The board of a multi-campus church retains fiduciary responsibility for all campus operations, including financial oversight, HR policy compliance, and incident response. Campus pastors typically hold operational authority delegated by the board, but governance authority remains with the board. Your bylaws and a written multi-campus governance policy should make this delegation explicit.
Can a campus pastor sign contracts on behalf of the church?
Only if the board has explicitly delegated that authority through a resolution or board-approved policy. Most churches never formally address this question, which creates exposure when a campus pastor signs a lease, vendor contract, or service agreement that later creates a liability. Boards should define and document contract signature authority before it becomes a problem.
What should a church do before opening a second campus?
Before the first service at the new location, the church should notify its insurer and add the new location to all applicable policies, verify the lease agreement includes adequate insurance and indemnification provisions, confirm that campus staff and volunteer onboarding will follow main church policies, and adopt a board resolution governing the campus pastor's scope of authority and financial limits. These steps take a few hours. Fixing the gaps after a claim takes much longer.
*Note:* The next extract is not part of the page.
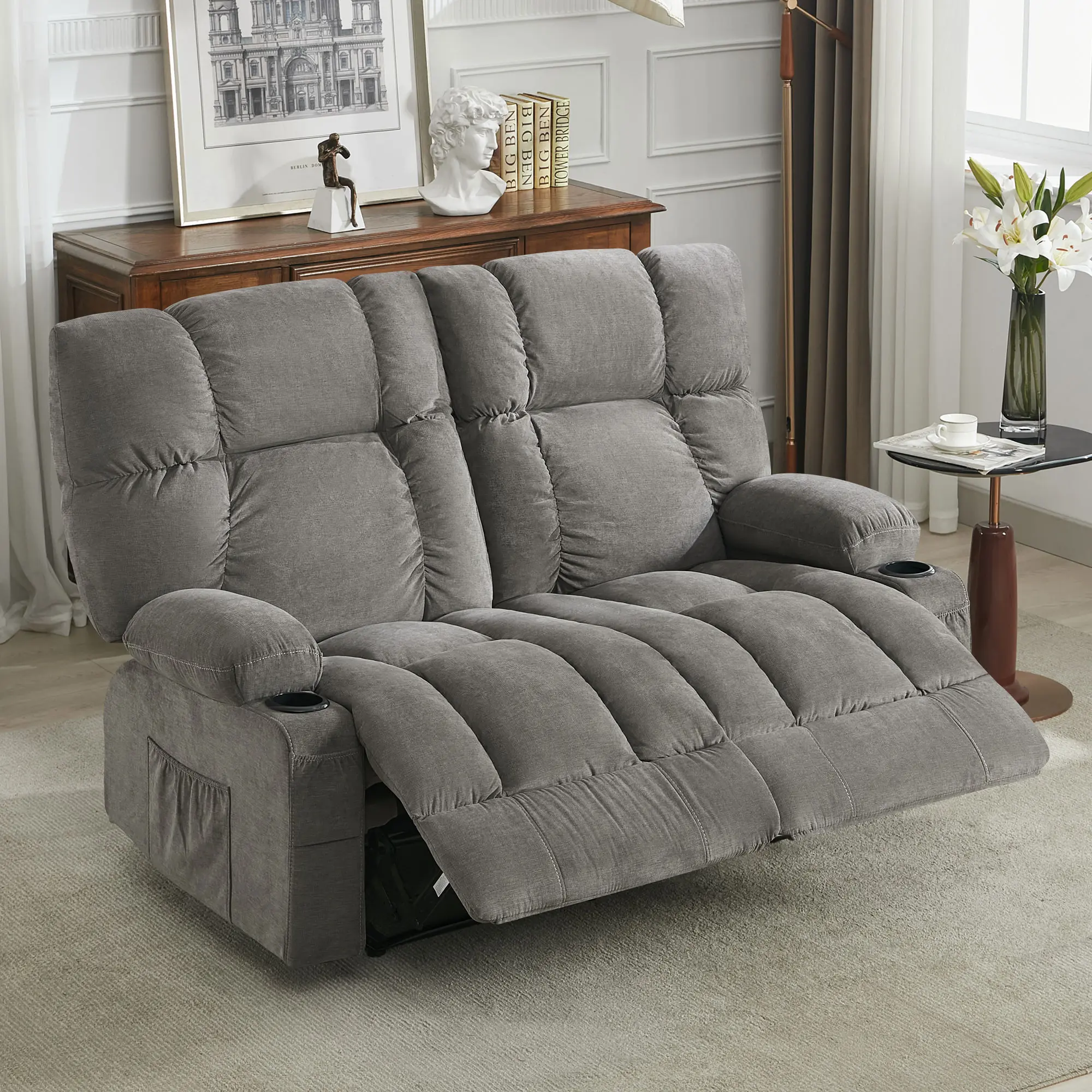 JONPONY 2-Seat Reclining Loveseat Sofa - Manual Recline, Cup Holders, Side Pocket, Breathable Fabric, Contemporary Look, Requires Assembly, Grey for Living Room, Supports Two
How should a multi-campus church handle an incident at a satellite location?
The same way it handles an incident at the main campus. The incident is documented and reported to the main church administrator promptly. The insurer is notified if there is any potential for a claim. Legal counsel is consulted if the incident involves employment, child safety, or significant property damage. The campus pastor does not manage the response independently. Consistent incident response across all locations is both a governance requirement and a coverage requirement.
If your church has expanded to multiple campuses or is planning to, a risk review before the launch is far less expensive than a coverage dispute after an incident. We have helped growing churches build insurance programs that actually reflect how multi-campus ministry operates. Contact Hale Street Insurance at 978.712.0111 or [email protected] for a free church insurance review. You can also visit our church insurance page or request a quote to get started.
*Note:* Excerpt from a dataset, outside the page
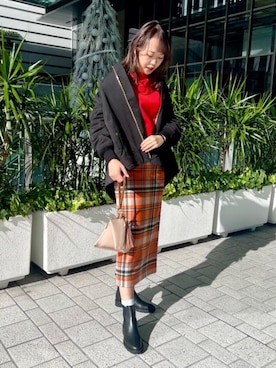 「AMBOISE（アンボワーズ）のアイテム」を使った、あやかさん（レディース・165cm）の秋コーディネート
Jake Lubinski is the founder of Hale Street Insurance and a licensed insurance broker with years of church board and stewardship experience. That time inside church operations gave him a clear view of how congregations end up carrying coverage that does not actually reflect how they operate. Based in Boxford, MA he works primarily with medium and large churches throughout Massachusetts and the US to build insurance and risk programs designed around how ministry actually operates. Reach Jake at [email protected] or 978.712.0111.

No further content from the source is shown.